--- START ---
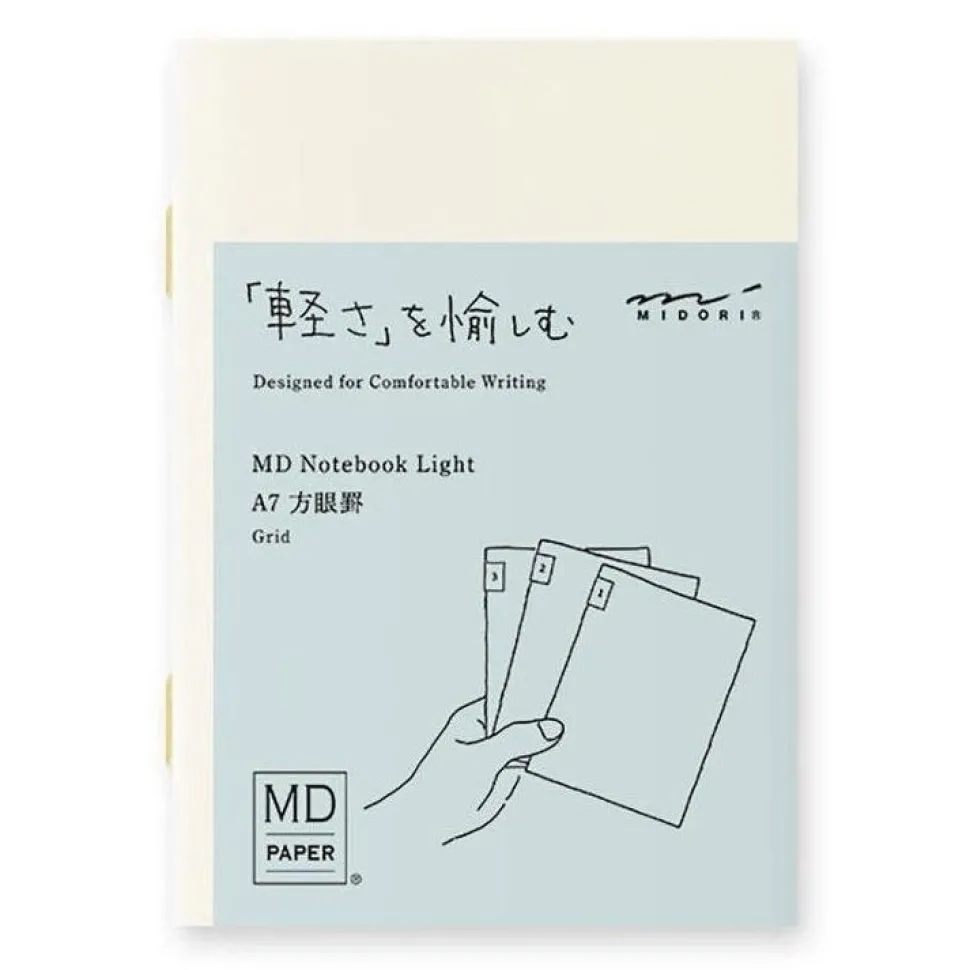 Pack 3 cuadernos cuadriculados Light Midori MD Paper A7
--- END ---
--- START ---
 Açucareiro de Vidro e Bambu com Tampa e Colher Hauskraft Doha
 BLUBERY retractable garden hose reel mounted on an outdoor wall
--- END ---
--- START ---
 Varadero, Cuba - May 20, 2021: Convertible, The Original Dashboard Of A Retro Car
--- END ---
WHAT NEEDS TO BE DONE: Beginning at the line above that contains "Açucareiro de Vidro", return each line exactly through the line that contains "BLUBERY retractable garden", and no others.

PROBLEM SOLUTION:
 Açucareiro de Vidro e Bambu com Tampa e Colher Hauskraft Doha
 BLUBERY retractable garden hose reel mounted on an outdoor wall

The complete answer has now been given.